Iceberg Example

In my previous post I examined how to use BlobSync to create a tool that not only uploads/downloads deltas to Azure Blob Storage (and hence saving LOTS of bandwidth), but also how to keep multiple versions in the cloud easily.

As a sample file for uploading/downloading I’ve picked the entire Sherlock Holmes collection. Big enough that it can show the benefits of dealing with deltas for bandwidth savings, but small enough that it can be easily edited (text).

Firstly, I perform the original upload.

image

Here you can see that the original sherlock file about 3.6M and for the initial upload the entire file is uploaded (indicated by the “Uploaded 3868221 bytes” message).

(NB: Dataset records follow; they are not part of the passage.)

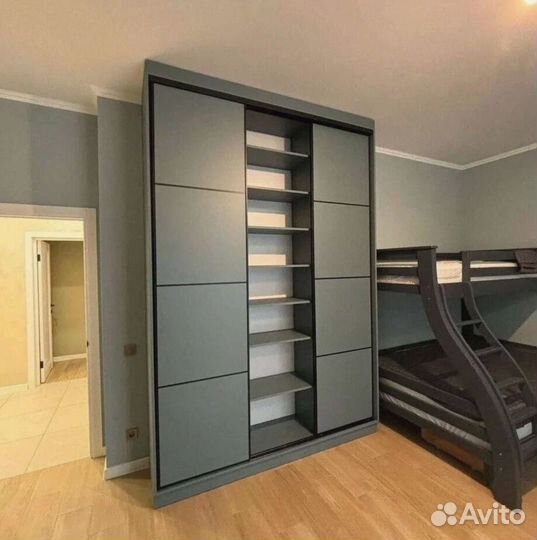 Функциональный шкаф купе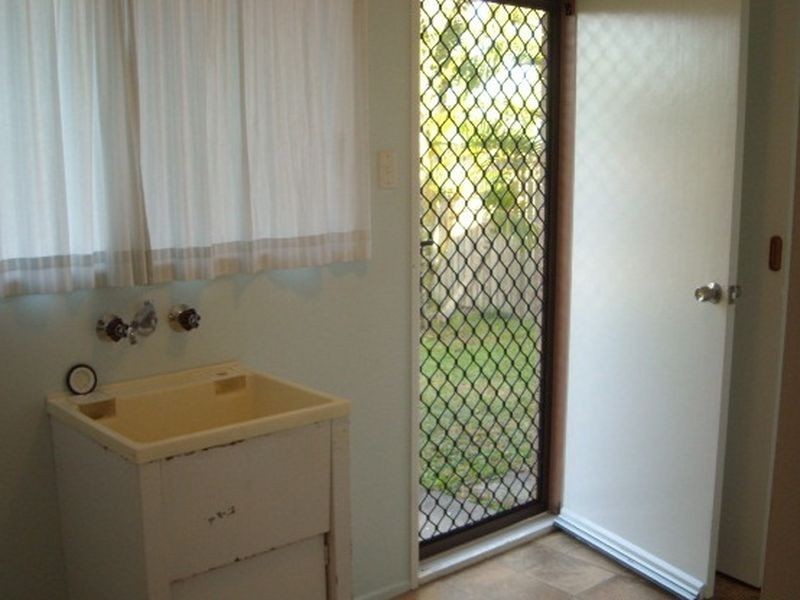 2/15b Boundary Road, Paget QLD 4740
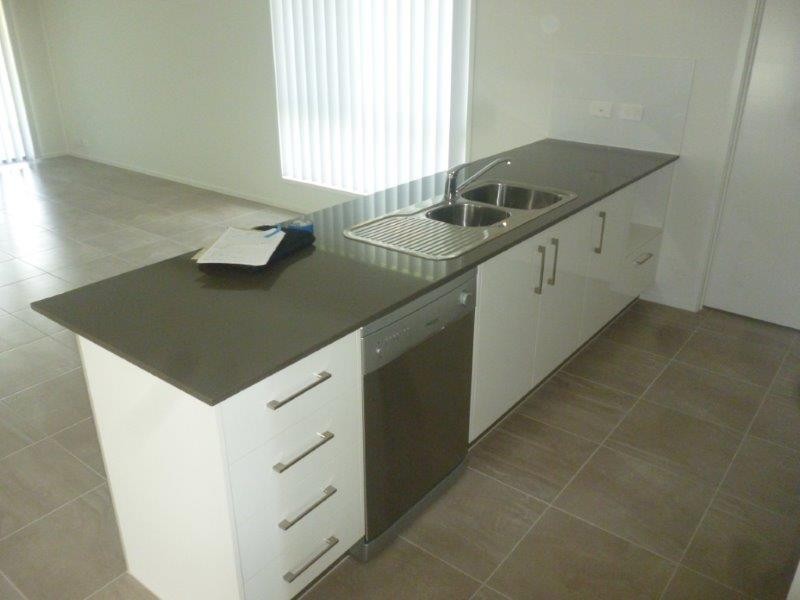 29 Clover Cres, Boyne Island QLD 4680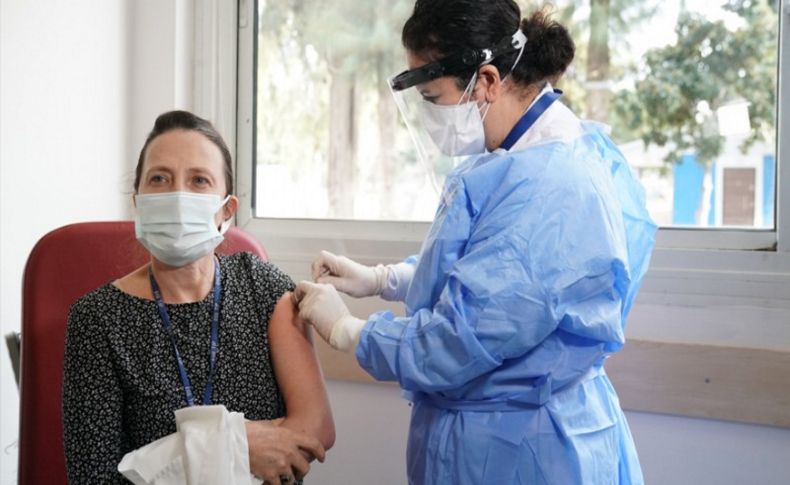 İzmir'de 54 bin 533 sağlık çalışanına Kovid-19 aşısı uygulandı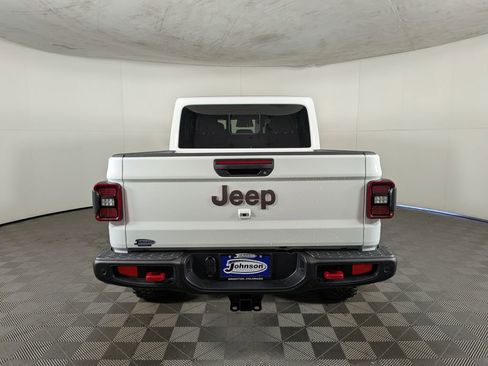 New 2026 Jeep Gladiator Rubicon AWD/4WD image 8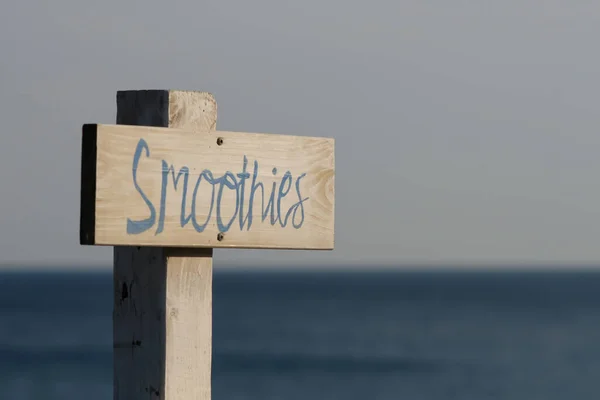 View Wooden Sign Smoothies Sea Background Beach Mylopotas Ios Greece — Foto de Stock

Then I list the blobs and it shows I only have 1 version (called “sherlock” as expected).

iceberg2

Now, I edit the sherlock file and modify a few lines here and there, and reupload it.

 

iceberg3

We can instantly see that this time the upload only transferred 100003 bytes. Which is about 2.6% of the original file size. Which is a nice saving.

Then we list the blobs associated with “sherlock” again. This time we see 2 versions:

  • sherlock 8/01/2015 11:36:09 AM +00:00
  • sherlock.v1 8/01/2015 11:36:01 AM +00:00

Here we see sherlock and sherlock.v1.  The original sherlock blob that was uploaded was renamed to sherlock.v1. The new sherlock uploaded is now the vanilla “sherlock” blob.

Note: The timestamps still need a little work. The ones displayed are when blobs were copied/uploaded. This means that sherlock.v1 doesn’t have the original timestamp when sherlock was originally uploaded but when it was copied from sherlock to sherlock.v1. But I can live with that for the moment.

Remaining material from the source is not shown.